Повести писателей Латвии | страница 43



— И все-таки ты хороший.

— Плохой. Ты просто еще не знаешь, каким я могу быть плохим. Только никак не понять, кто я: бе-фау или ге-фау.

— Я не знаю немецкого. В школе у нас был английский.

— Этим словам тебя не научат ни в одной школе, если только не называть школой жизнь. У фрицев бе-фау — это Berufsverbrecher, то есть преступник по велению сердца, а ге-фау — преступник от рождения, преступник уже в колыбели. Понимаешь, другие дети рождаются для счастья, радости, любви, работы, а ге-фау — для преступлений. И мне не однажды говорили, что, согласно Ломброзо…

Но Дзидра не позволила мне закончить. Она обняла меня, закрыла рот долгим поцелуем и зашептала:

— Милый, хороший… Не ври так умно, ври попроще, чтобы можно было хоть немножко понять… Милый, хороший! Для меня ты всегда будешь хорошим, потому что ты единственный, кто вошел к нам и что-то дал, ничего не потребовав взамен…

— В долг! — воскликнул я, едва не обидевшись.

— Разве мать всегда отдавала тебе долги? За туфли — нет… А конфеты, которые мать не позволила взять, ты украдкой сунул мне в карман передника, и я тогда убежала за угол, в дровяной сарайчик… Их ты тоже давал в долг?

Таких мелочей я не помнил. Может, и дал девчонке конфету-другую; поэтому я промолчал, а Дзидра, высвободившись из моих рук, хмуро сказала:

— А те, из-за кого она умерла, для нее даже лекарства пожалели.

— Погоди, не понимаю. Отчего же умерла твоя мать? Ты говорила, что не от той истории.

— Это случилось осенью. Да, осенью того же года… Она у одного хозяина вытаскивала лен из мочила. Вода была уже холодная. Пришла домой, сготовила мне поесть, сама ни кусочка не проглотила, легла в постель, а когда я собралась спать, она уже ни слова выговорить не могла. Жаром от нее несло, как от печки. Я в темноте побежала к тем самым хозяевам, для которых она лен… А они меня даже в дом не впустили, разговаривали через цепочку и еще издевались:

— Если у нее жар, дай напиться горячего молока со свежим коровьим навозом, у вас ведь есть корова! А от кашля — написай в кружку и дай, пусть выпьет…

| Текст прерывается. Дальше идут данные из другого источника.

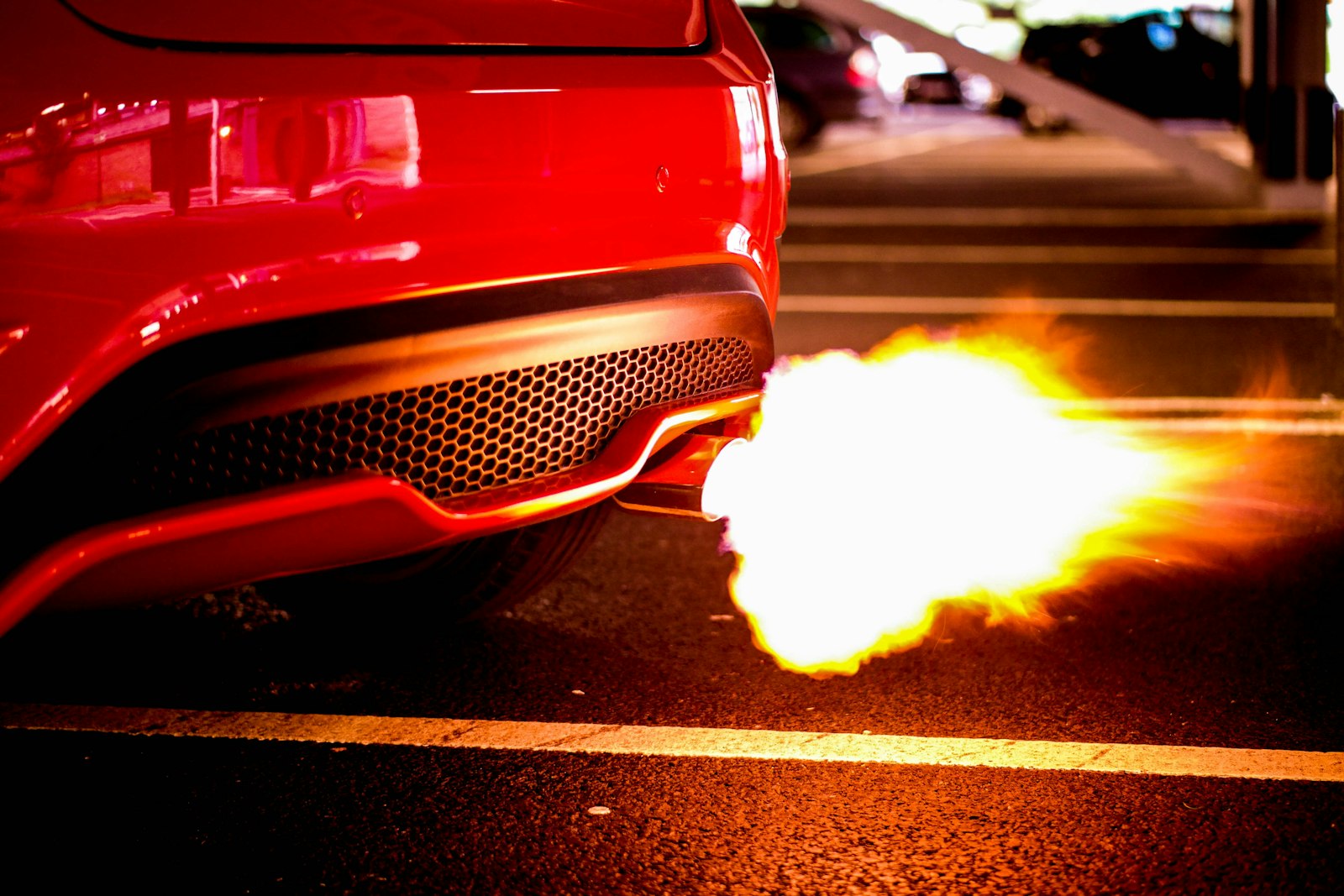 Samsung NX30 sample photo. Red car blowing turbo photography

И захлопнули дверь. Я давай стучать снова.

— Да уймешься ли ты? Не то собак спустим!

Я вернулась домой, матери чуть полегчало, я дала ей теплого чаю, она стала подсчитывать, кто сколько остался ей должен за работу, вспомнила тебя, что тебе одному она должна, а потом стала кричать, чтобы я прогнала жеребцов, чтобы потушила костер — в общем, бредила. Я сидела рядом с ней и не плакала, у меня не осталось больше слез. Собиралась просидеть так всю ночь, а проснулась на рассвете от стука в дверь. У хозяев все-таки заговорила совесть, и они пришли поглядеть на больную. А она уже закоченела. Обмыли ее, похоронили, а я все не плакала.